APPEAL from the Court of Claims.

This is an appeal by Kihlberg from the judgment of the Court of Claims, in a suit upon a contract made Jan. 31, 1870, between the United States and him, for his transportation of military, Indian, and government stores and supplies from points on the Kansas Pacific Railway to posts, depots, and stations in portions of Kansas, Colorado, Texas, Indian Territory, and New Mexico, and to such other depots as might thereafter be designated within the States and Territories named.

The following are portions of the contract the construction of which is involved in this suit:——

'ART. 2. That the said Kihlberg agrees and binds himself . . . to transport, under this agreement, from and to the posts, depots, or stations named in art. 1, or from and to any other posts, depots, or stations that may be established within the district described in said article, any number of pounds of military, Indian, and government stores and supplies, from and between one hundred thousand pounds and ten millions of pounds in the aggregate.

* * * * *

'ART. 5. The military, Indian, and government stores and supplies which shall be transported under this agreement shall be consigned to their respective destinations, and receipts on bills of lading shall be given by the officer of the quartermaster's department serving at the place of consignment, for the full quantity of stores that shall be delivered, and upon such receipts payments shall be made to the said Kihlberg, as hereinafter provided.

* * * * *

'ART. 7. . . . Upon the arrival of the train at the place of destination or delivery, the officer of the quartermaster's department at the point of delivery shall indorse the bill of lading in accordance with the finding of a board of survey, as hereinafter provided, stating the quality and condition of the stores delivered, upon which indorsement payment shall be made as per contract, deducting the amount of any payment or payments previously made, and also for any articles missing, lost, destroyed, or damaged, and which the board of survey may find to be properly chargeable to the contractor, at the rate specified in art. 8 of this agreement.

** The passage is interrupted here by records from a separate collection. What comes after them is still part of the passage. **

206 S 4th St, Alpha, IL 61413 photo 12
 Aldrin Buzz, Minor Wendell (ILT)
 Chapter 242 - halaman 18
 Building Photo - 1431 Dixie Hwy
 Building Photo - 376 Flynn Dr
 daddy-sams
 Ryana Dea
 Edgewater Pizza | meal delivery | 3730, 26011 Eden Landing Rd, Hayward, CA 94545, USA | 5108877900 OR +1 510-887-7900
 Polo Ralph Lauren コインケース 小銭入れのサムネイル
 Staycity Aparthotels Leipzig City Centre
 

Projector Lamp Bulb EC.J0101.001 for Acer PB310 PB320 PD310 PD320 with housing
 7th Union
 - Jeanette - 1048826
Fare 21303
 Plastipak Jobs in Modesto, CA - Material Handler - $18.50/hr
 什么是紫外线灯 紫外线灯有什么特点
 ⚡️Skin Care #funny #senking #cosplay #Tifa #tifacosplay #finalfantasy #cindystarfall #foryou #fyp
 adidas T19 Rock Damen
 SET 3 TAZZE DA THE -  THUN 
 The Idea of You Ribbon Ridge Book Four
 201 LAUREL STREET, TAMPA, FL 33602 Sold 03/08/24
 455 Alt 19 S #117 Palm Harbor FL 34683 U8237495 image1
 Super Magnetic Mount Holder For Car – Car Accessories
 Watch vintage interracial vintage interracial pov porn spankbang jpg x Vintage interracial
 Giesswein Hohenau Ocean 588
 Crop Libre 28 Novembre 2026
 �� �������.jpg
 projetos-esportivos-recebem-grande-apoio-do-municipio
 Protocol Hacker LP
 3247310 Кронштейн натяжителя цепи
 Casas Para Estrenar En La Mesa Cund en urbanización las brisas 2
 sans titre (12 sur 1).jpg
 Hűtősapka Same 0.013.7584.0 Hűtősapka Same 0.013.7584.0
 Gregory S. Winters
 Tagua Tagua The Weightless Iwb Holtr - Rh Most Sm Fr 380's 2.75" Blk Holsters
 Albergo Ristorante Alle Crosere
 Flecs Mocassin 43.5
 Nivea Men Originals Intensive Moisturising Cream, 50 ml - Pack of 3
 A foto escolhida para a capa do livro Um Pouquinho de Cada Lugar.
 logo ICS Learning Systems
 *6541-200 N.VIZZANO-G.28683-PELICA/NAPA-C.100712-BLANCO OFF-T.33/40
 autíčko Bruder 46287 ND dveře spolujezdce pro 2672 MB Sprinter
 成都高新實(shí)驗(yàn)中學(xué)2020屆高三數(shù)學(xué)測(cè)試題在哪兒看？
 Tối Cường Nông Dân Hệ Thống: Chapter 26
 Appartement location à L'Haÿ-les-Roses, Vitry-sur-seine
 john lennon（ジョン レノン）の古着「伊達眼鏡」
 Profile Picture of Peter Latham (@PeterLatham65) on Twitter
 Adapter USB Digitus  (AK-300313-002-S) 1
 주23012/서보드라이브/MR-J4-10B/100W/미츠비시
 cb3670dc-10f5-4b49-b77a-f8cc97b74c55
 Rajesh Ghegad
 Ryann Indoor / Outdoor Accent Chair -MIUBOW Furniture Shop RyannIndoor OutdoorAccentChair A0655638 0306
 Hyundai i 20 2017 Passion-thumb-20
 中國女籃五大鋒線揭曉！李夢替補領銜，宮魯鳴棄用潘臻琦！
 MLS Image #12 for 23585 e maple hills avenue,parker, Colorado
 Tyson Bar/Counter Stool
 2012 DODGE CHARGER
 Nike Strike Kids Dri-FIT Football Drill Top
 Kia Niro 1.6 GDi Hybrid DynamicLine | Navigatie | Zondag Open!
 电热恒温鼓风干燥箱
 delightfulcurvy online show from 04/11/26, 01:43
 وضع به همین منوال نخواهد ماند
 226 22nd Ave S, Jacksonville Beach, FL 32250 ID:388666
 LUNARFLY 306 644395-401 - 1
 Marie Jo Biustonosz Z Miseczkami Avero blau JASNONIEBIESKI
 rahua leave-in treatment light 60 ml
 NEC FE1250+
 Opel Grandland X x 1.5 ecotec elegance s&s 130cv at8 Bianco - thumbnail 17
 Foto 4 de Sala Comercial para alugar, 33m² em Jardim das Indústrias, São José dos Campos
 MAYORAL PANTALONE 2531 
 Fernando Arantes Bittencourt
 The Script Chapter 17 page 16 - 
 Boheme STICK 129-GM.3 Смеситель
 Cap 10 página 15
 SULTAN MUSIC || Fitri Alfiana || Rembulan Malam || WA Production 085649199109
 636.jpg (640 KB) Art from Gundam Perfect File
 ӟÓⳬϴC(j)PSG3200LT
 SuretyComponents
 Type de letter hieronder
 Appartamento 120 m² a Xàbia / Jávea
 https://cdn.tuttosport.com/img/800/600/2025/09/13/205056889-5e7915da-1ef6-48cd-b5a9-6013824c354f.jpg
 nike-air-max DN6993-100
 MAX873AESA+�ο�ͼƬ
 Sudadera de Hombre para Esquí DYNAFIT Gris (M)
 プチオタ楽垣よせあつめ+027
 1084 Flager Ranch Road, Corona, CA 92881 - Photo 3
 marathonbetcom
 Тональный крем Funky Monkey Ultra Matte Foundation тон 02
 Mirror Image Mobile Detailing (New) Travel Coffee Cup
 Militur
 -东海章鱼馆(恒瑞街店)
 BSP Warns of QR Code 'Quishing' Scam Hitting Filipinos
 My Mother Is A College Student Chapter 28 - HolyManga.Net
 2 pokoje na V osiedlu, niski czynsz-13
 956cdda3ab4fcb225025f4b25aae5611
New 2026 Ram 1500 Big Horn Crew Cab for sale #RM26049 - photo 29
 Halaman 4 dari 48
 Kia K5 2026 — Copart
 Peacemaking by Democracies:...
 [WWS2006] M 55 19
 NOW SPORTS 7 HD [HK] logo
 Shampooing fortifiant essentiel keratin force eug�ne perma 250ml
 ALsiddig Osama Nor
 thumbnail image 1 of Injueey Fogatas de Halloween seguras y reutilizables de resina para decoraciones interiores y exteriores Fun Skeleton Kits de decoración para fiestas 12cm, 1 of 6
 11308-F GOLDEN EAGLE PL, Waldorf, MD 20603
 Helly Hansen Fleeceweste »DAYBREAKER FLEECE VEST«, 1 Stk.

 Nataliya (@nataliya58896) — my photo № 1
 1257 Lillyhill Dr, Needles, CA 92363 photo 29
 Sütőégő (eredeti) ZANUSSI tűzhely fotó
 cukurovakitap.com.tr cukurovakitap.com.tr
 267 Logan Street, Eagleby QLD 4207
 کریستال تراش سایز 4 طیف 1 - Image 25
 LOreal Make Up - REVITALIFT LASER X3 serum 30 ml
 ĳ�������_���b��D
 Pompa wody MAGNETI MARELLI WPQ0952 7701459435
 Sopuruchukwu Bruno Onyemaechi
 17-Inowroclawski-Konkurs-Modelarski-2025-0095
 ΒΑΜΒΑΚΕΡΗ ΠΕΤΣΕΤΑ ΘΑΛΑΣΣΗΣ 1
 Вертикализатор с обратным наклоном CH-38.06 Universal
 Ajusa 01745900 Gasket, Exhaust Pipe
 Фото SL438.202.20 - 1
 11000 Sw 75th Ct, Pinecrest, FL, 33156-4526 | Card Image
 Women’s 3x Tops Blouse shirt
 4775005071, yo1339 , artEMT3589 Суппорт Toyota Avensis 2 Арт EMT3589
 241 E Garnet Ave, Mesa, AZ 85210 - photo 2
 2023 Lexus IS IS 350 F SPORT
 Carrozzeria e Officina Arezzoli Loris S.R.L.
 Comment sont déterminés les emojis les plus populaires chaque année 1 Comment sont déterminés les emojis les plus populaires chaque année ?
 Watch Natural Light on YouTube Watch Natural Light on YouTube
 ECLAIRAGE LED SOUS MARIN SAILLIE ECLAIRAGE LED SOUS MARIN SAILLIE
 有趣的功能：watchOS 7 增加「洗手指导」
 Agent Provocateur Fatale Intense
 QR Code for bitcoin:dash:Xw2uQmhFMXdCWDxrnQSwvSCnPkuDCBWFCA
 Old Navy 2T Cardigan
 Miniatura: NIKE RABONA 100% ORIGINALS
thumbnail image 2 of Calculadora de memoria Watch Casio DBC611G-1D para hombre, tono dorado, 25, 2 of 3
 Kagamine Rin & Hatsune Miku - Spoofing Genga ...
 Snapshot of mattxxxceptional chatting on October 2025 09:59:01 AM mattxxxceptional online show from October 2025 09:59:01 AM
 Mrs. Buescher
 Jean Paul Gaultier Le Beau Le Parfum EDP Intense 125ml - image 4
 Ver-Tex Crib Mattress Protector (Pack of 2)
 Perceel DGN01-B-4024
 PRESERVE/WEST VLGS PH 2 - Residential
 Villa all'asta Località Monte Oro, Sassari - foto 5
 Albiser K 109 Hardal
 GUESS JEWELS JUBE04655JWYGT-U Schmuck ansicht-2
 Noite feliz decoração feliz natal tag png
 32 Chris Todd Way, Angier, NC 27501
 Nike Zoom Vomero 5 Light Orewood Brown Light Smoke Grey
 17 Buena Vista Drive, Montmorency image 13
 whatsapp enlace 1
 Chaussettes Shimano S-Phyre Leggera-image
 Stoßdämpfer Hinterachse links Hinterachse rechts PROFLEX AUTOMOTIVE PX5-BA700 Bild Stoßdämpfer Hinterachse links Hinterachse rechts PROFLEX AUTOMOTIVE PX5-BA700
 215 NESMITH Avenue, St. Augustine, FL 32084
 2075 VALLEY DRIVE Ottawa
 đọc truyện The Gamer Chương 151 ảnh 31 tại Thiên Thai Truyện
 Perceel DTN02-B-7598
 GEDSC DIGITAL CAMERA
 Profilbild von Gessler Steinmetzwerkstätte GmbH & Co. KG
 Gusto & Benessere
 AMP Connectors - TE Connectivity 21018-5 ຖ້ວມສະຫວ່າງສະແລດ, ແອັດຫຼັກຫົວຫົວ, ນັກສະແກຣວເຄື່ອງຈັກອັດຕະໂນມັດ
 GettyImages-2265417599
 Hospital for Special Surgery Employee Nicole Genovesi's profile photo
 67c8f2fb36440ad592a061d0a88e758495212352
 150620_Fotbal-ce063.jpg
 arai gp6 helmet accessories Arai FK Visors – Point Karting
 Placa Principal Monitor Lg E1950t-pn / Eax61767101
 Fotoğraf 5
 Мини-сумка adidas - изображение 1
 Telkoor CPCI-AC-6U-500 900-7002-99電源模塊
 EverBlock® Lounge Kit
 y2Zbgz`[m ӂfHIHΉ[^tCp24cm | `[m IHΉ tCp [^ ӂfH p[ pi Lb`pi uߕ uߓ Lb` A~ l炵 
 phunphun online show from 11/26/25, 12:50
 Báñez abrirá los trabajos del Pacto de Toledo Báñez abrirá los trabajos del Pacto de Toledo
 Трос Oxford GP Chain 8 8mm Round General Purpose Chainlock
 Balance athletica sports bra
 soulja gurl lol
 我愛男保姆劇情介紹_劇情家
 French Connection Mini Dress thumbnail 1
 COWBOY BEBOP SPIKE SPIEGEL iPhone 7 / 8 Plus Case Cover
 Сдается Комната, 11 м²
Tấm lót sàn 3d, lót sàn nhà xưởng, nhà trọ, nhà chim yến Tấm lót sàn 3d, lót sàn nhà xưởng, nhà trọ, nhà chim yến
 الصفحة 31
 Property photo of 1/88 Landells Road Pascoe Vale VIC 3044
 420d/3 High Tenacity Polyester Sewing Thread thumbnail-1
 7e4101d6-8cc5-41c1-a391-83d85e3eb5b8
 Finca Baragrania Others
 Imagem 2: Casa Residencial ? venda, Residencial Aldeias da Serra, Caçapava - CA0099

'ART. 8. In all cases when stores have been transported by the said Kihlberg under this agreement, a board of survey, to be applied for in writing by the contractor or his agent (one member of which board shall be, if practicable, an officer on duty in the subsistence department), shall be called without delay, on their arrival at the point of destination or delivery, to examine the quantity and condition of the stores transported, and in cases of loss, deficiency, or damage, to investigate the facts and report the apparent causes, assess the amount of loss, deficiency, or damage, and state whether it was attributable to neglect or want of proper care on the part of the contractor or to causes beyond his control, and these proceedings, a copy of which shall be furnished to the contractor, shall be attached to the bill of lading, and shall govern the payments to be made on it.

'For loss of weight, due to shrinkage, and for leakage of vinegar, molasses, or other liquids, the contractor shall not be held liable if the packages are delivered in good order and condition, and the board of survey shall be satisfied that such shrinkage or leakage did not arise from neglect or want of care on the part of the contractor or his agent. For loss, deficiency, or damage, attributable to the contractor, he shall pay double the cost at the point where he receives the articles, which cost shall be determined by taking the cost price at place of purchase and adding thereto the cost of transportation to the point where the stores were turned over to the contractor; and no freight whatever shall be paid on stores deficient. In case of damage, freight shall be deducted in proportion to the quantity damaged. Should no board of survey be called when requested by the contractor, through failure on the part of the quartermaster's department or other military authority to have one convened, it shall be considered that the contractor has delivered all the stores as specified in the bill of lading in good order and condition, and he shall be paid accordingly. But before such payment is made, the fact must be shown that the contractor or his agent did make application in writing to the quartermaster for a board of survey. If the amount of loss, deficiency, or damage exceeds the value of the bill of lading, it shall be deducted from any after payment that may become due.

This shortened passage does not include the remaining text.